Every line below should come back exactly as written, though the pictures stay out.

[RECORDED INFORMATION Boundary: Start]

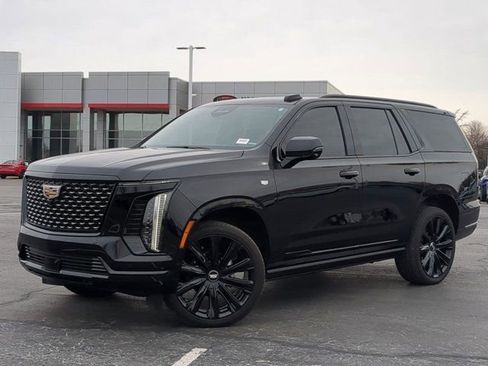 Used 2025 Cadillac Escalade Premium Luxury w/ Touring Package image 2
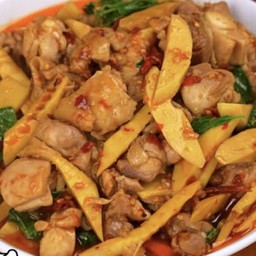 ผัดพริกแกงหน่อไม้ไก่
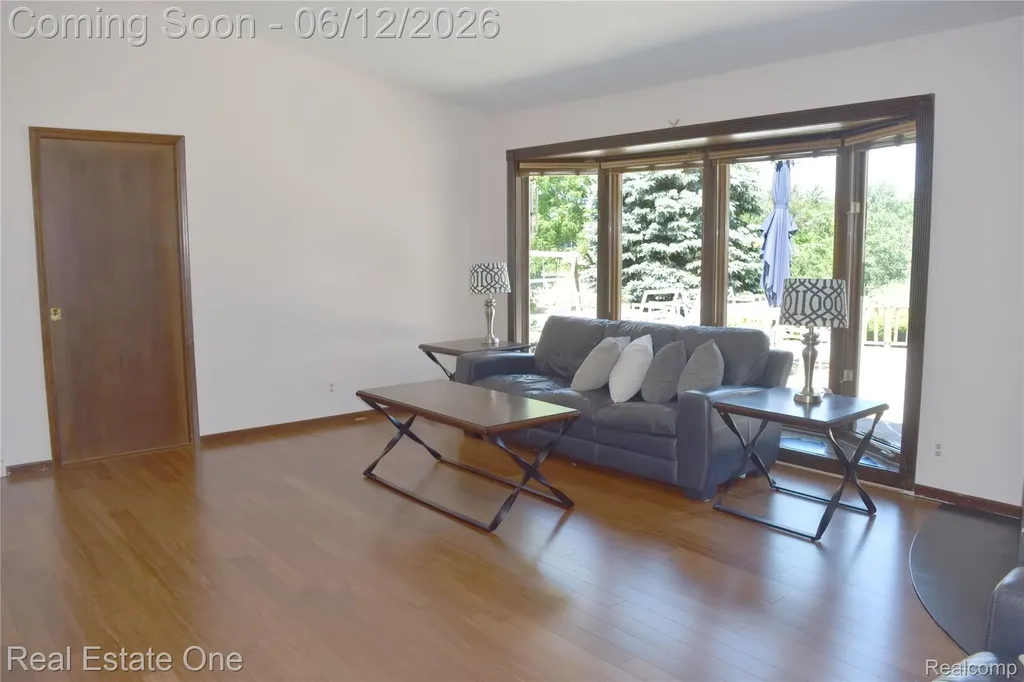 5324 Greenbriar Drive West Bloomfield Charter Township MI 48323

[RECORDED INFORMATION Boundary: End]

» SOLUTION
 Used 2025 Cadillac Escalade Premium Luxury w/ Touring Package image 2
 ผัดพริกแกงหน่อไม้ไก่
 5324 Greenbriar Drive West Bloomfield Charter Township MI 48323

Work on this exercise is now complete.